Le dossier EBOMAF, régulièrement invoqué dans les discussions, est également remis en perspective. Malgré les annonces publiques du concessionnaire, aucun arriéré salarial n’aurait été réglé par ce dernier, affirme la Direction. Après le retrait de ses navires, la CNNII s’est retrouvée sans outil de production. Pourtant, avec l’appui du ministère de tutelle, l’entreprise est parvenue à assurer le paiement des salaires de mai à novembre 2025 grâce à la location d’une barge, démontrant, selon elle, une volonté de continuité malgré des conditions opérationnelles fortement dégradées.

Sur le terrain, la Direction générale s’inquiète surtout des dérives observées depuis le déclenchement du mouvement. Absence de service minimum, entraves à la liberté de travail, pressions exercées sur les agents non grévistes : autant de pratiques qualifiées de fautes graves, susceptibles de mettre en péril la sécurité des installations et la continuité d’un service public essentiel pour l’économie et la mobilité nationales.

Les recrutements récemment dénoncés par certains agents sont, eux aussi, relativisés. La CNNII précise qu’il s’agit majoritairement de stagiaires et d’agents à l’essai, avec un seul recrutement en contrat à durée indéterminée : celui du directeur financier. Un choix assumé et justifié par l’urgence de redresser la gestion financière de l’entreprise, dans le cadre du plan de relance TSALACH, qui aurait permis un assainissement rapide des comptes entre 2020 et 2023.

En filigrane, la Direction générale inscrit cette crise dans un cadre plus large : celui d’une rupture assumée avec des pratiques anciennes, marquées par la corruption, les absences injustifiées et les activités parallèles. Elle rappelle que la subvention de l’État n’a jamais vocation à financer les salaires, lesquels doivent relever de la performance économique propre de l’entreprise.

Face à une situation qu’elle juge critique, la CNNII appelle à un sursaut de responsabilité collective.
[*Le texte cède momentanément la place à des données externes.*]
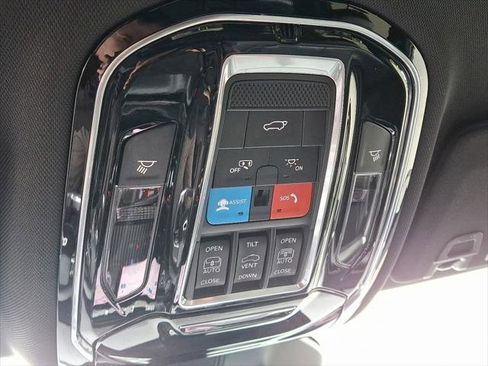 Certified 2023 Jeep Grand Cherokee Overland image 30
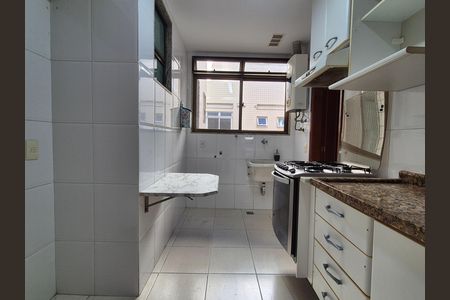 Apartamento para alugar com 109m², 3 quartos e 2 vagas Apartamento para alugar com 109m², 3 quartos e 2 vagasCozinha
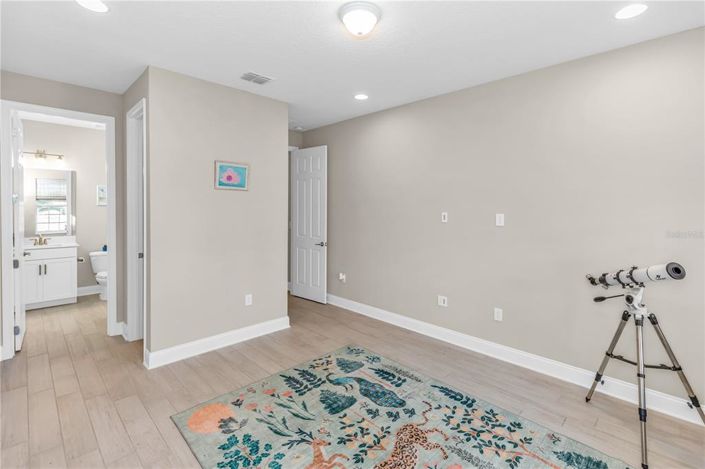 Image No.24-4 Bed House for sale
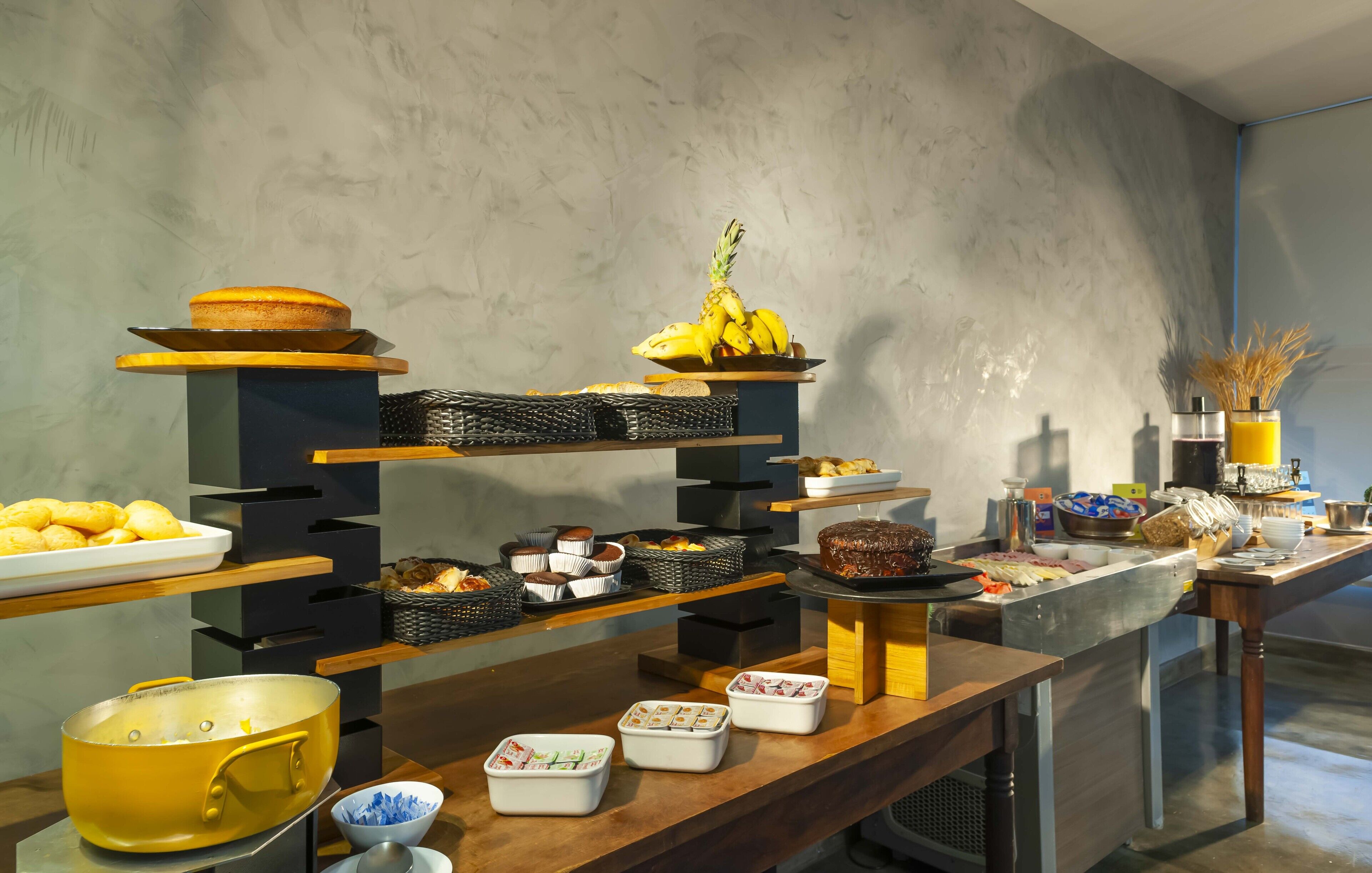 daily buffet breakfast (brl 30 per person)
Le dialogue social, insiste-t-elle, ne saurait survivre ni à l’illégalité ni à la falsification des faits. Au-delà des intérêts individuels, c’est l’avenir d’un outil stratégique et la continuité d’une mission de service public qui sont en jeu.

Dans cet esprit, le directeur général, Alexis Mpiga, est attendu à Port-Gentil dans les prochains jours. Il prévoit de rencontrer les cinq agents grévistes pour un échange direct et sans faux-semblants. Une tentative de dialogue de la dernière chance, dans un conflit où la frontière entre revendication légitime et mise en péril de l’intérêt général semble, chaque jour un peu plus, se brouiller.